[PROBLEM DETAILS]: Identify the line with "6 Pack 4 Inch"; copy word for word that line and every one after it, to the end of the listing. Exclude pictures.

[DATASET CONTENT]:
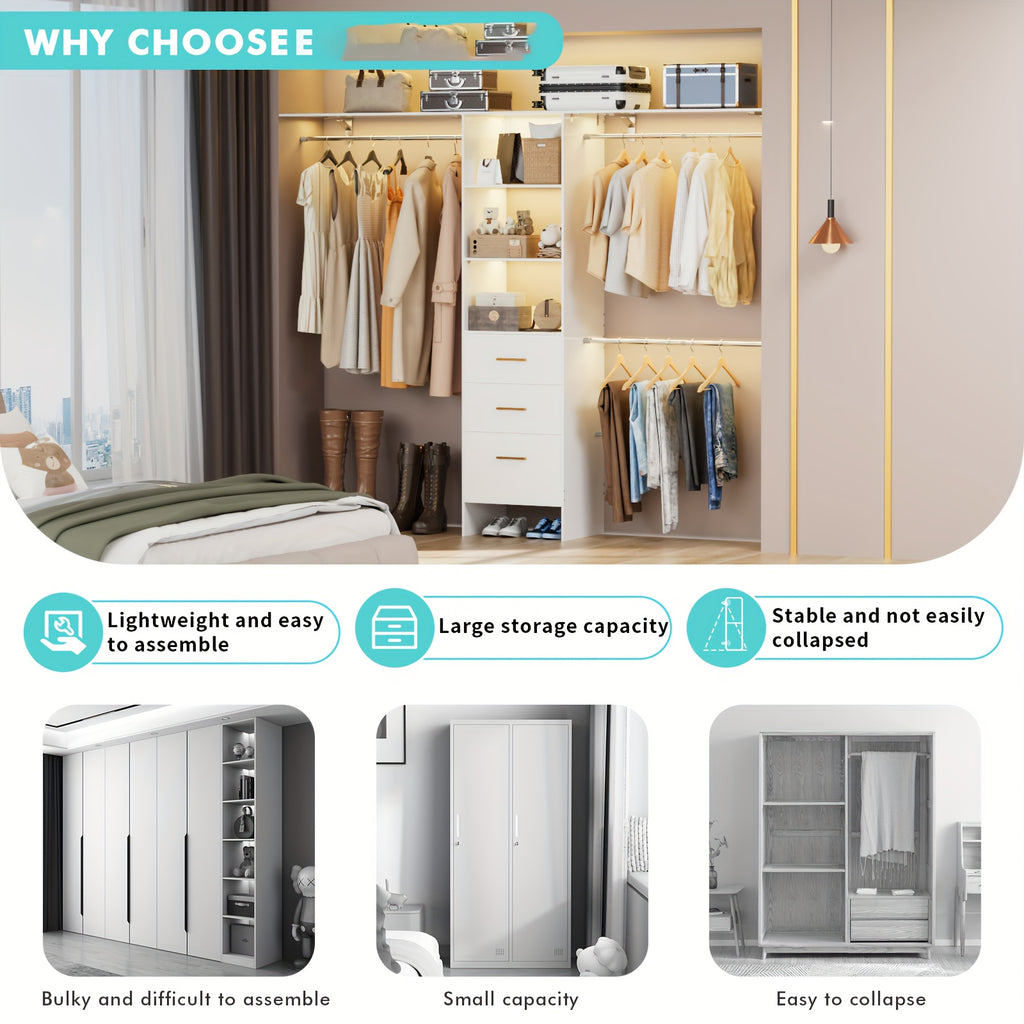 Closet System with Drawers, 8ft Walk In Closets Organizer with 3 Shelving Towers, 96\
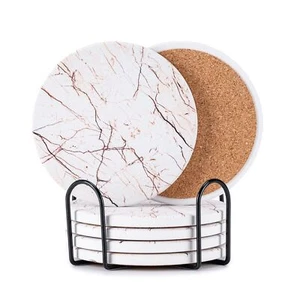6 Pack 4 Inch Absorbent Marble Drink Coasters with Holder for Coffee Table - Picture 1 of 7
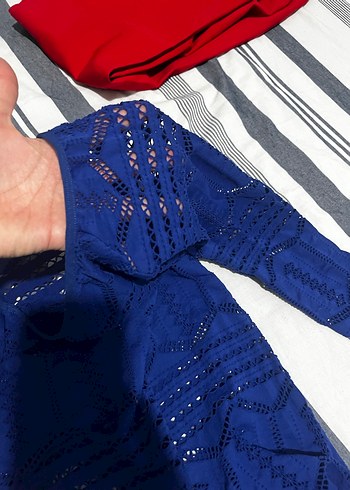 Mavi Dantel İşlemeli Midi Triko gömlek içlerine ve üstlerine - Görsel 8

[WRITTEN ANSWER]:
6 Pack 4 Inch Absorbent Marble Drink Coasters with Holder for Coffee Table - Picture 1 of 7
 Mavi Dantel İşlemeli Midi Triko gömlek içlerine ve üstlerine - Görsel 8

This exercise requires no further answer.